During the Trump presidency, this media consumption divide became a chasm as national news organizations sought to scrutinize his administration and its backsliding on democratic norms. In some cases, robust reporting was cheered by partisans as a form of resistance to Mr. Trump, who labels the news media “enemies of the people.”

In 2018, Stephen Bannon, a former campaign strategist for Mr. Trump, framed this antagonism in stark terms. “The Democrats don’t matter,” Mr. Bannon told author Michael Lewis. “The real opposition is the media” and, he added, the way to deal with them is to “flood the zone” of digital media with junk content to disorient consumers and distract from fact-based reporting.

Mr. Bannon has since done just that as a right-wing media personality who also played a key role in Mr. Trump’s effort to reverse his 2020 election defeat. On Tuesday, he was released from a federal prison after serving four months for contempt of Congress over his defiance of a subpoena from investigators into the Jan. 6, 2021, riot at the Capitol.

Stephen Bannon, a former campaign aide to Donald Trump, wrote the media playbook for right-wing campaign strategy – “flooding the zone” of digital media with junk content to distract from fact-based reporting.
Eduardo Munoz Alvarez/AP

Analysts say Mr. Bannon’s approach has become something of a playbook for right-wing partisans.
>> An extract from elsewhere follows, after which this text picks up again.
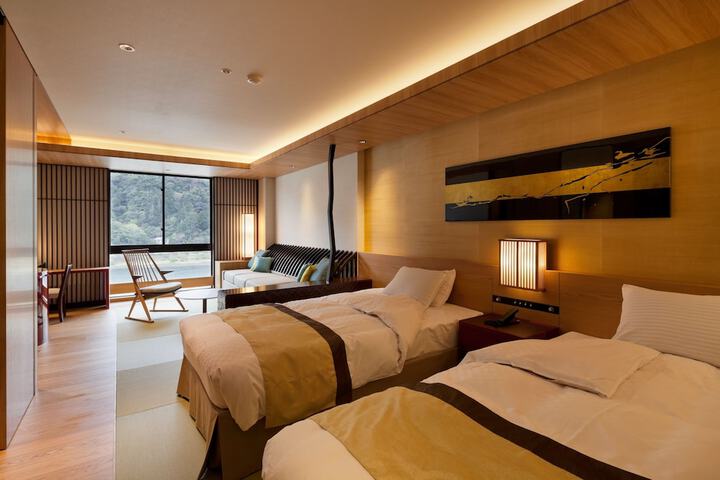 Room 10 of 105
Mr. Trump’s own Truth Social network is awash in conspiracies, falsehoods, and debunked rumors, often emanating from its owner. Similarly, Elon Musk, the owner of the social media platform X and a backer of Mr. Trump, has used the platform to spread misinformation about election fraud and other topics after dismantling verification teams that conservatives saw as biased against them.

Such unchecked misinformation makes it harder for the news media to sift fact from fiction and for the public to find reliable information, says Mr. Dvorkin, now a senior fellow at Massey College at the University of Toronto. The net effect on voters may be to lessen their faith in a messy democratic process, which depends on a shared set of facts. “At a time when it’s more difficult to get reliable and contextual information, people will move towards simple solutions,” he says.

Still, it’s unclear how persuasive the flood-the-zone strategy actually is in winning elections that hinge on a handful of swing states. The vast majority of voters don’t change their minds between presidential elections, says Professor Mutz, and the minority that do aren’t necessarily immersed in a cacophony of unreliable digital content.

“Most of the misinformation that’s out there is being promoted and consumed by people who aren’t going to change their vote anyway,” she says.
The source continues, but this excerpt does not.